Auszug aus den Erwägungen:

    Die Schuldbetreibungs- und Konkurskammer zieht in Erwägung:

Erwägung 1

    1.- Die Rekursfrist von zehn Tagen nach Art. 19 SchKG läuft von der
Zustellung des kantonalen Entscheides unter Angabe der Entscheidungsgründe
an (Art. 77 OG). Diese Zustellung fand hier an der vom Schuldner in der
Beschwerde angegebenen Wohnadresse am 5. März 1956 statt. Dass die Person,
die den Entscheid entgegennahm und den Empfang bescheinigte, hiezu nicht
ermächtigt gewesen sei, wird nicht eingewendet. Auch sonst wird die Art
und Weise der Zustellung nicht bemängelt, und es ist denn auch nicht zu
finden, wieso die als Gerichtsurkunde (acte judiciaire, atto giudiziale)
im Sinne der Postordnung bezeichnete Sendung nicht in richtiger Form
zugestellt worden sein sollte.

Erwägung 2

    2.- Der Rekurs ist somit verspätet.
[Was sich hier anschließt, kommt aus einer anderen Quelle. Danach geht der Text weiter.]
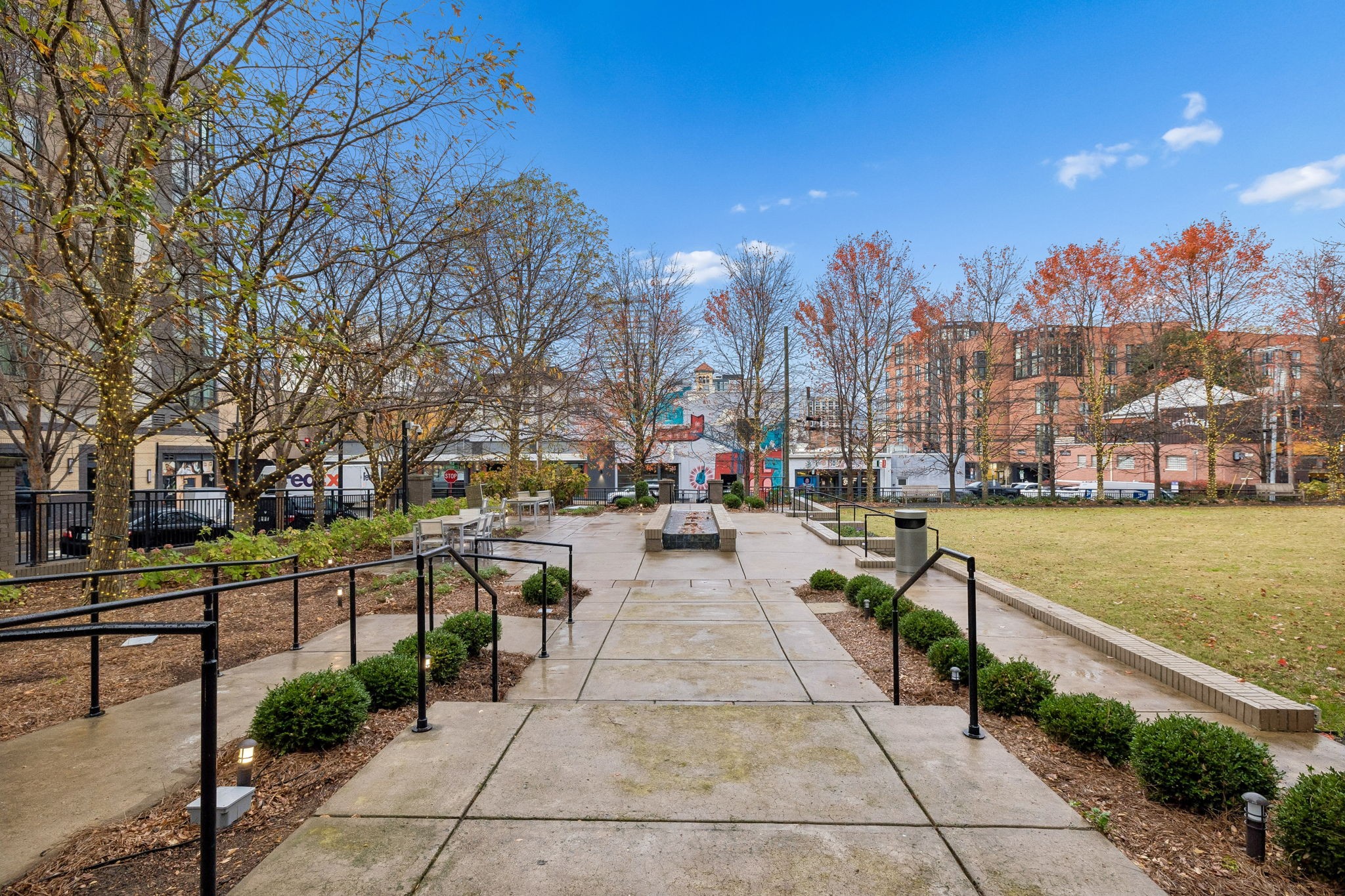900 20th Ave, S Nashville TN 37212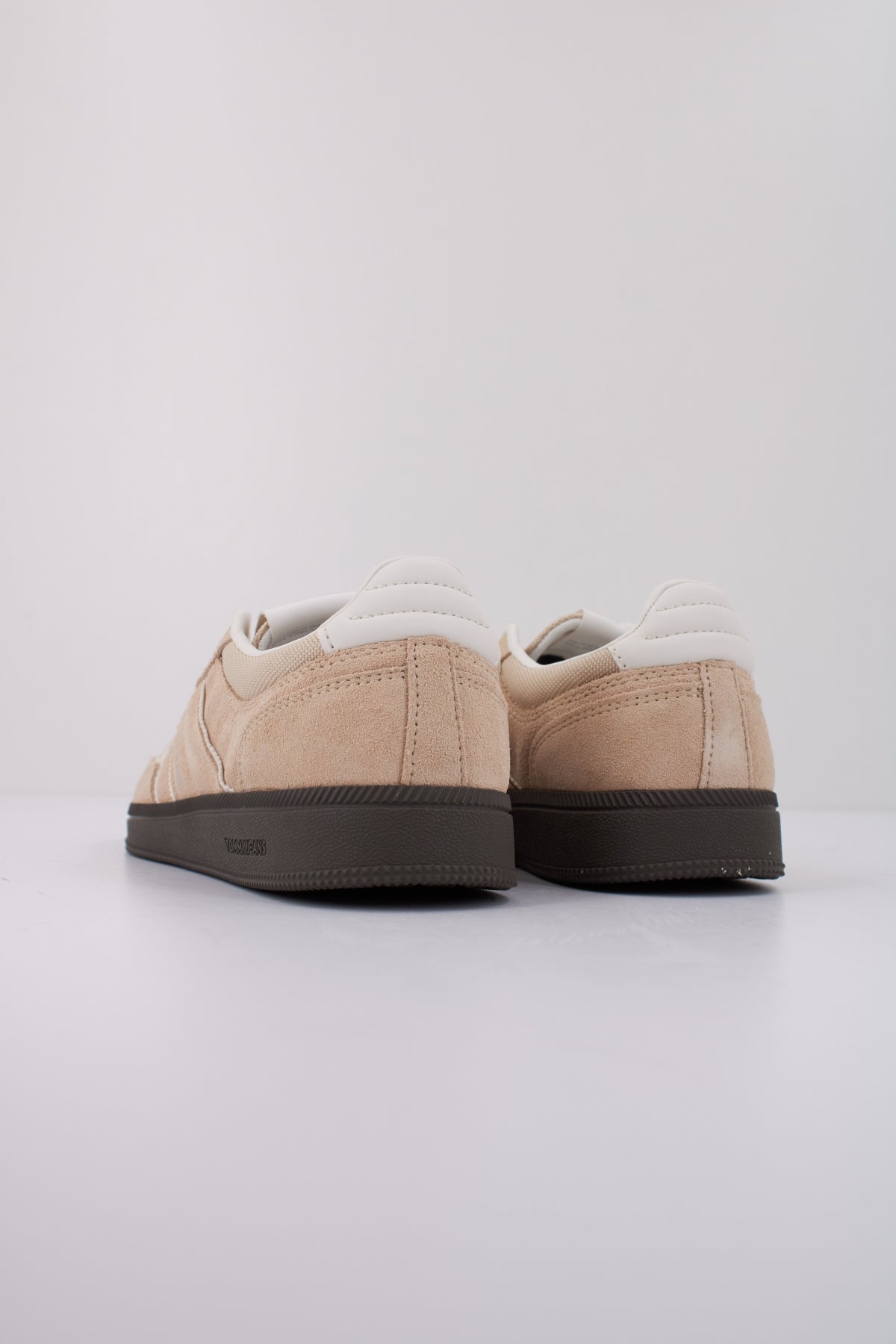TOMMY JEANS THE GREENWICH EDGE en color MARRON CLARO (4)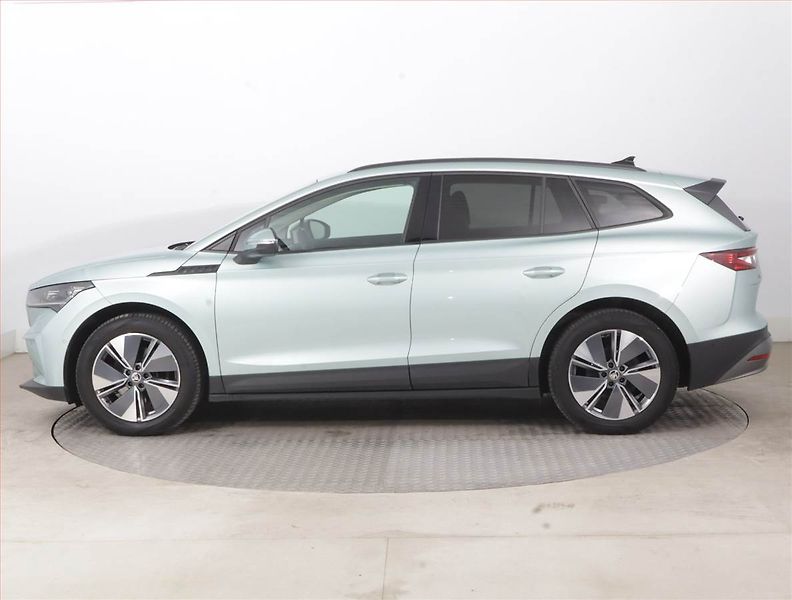 Škoda Enyaq (2022) iV 60 (62 kWh), SoH 92% - fotka 3 z 18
Übrigens wäre dem Schuldner
nicht freigestanden, sich für längere Zeit vom Wohnorte zu entfernen,
ohne für die Möglichkeit der Zustellung des von ihm selbst anbegehrten
Entscheides auch während seiner Abwesenheit zu sorgen, sei es durch
Meldung seines jeweiligen Aufenthaltsortes oder durch Bezeichnung eines
Zustellungsempfängers. Vernachlässigte er diese Sorgfaltspflicht, und
vereitelte er damit eine in gehöriger Weise versuchte Zustellung, so
hatte er den Zustellungsversuch als Zustellung gelten zu lassen (vgl. BGE
78 I 129 Erw. 1 a.E.; Urteil der II. Zivilabteilung vom 6. März 1956
i.S. Bürgisser gegen Vormundschaftsbehörde Zürich (BGE 81 II Heft 2) mit
weitern Zitaten). Indessen ist hier, wie erwähnt, die Gültigkeit der am
5. März 1956 erfolgten Zustellung gar nicht bestritten.

Entscheid:

       Demnach erkennt die Schuldbetr.- u. Konkurskammer:

    Auf den Rekurs wird nicht eingetreten.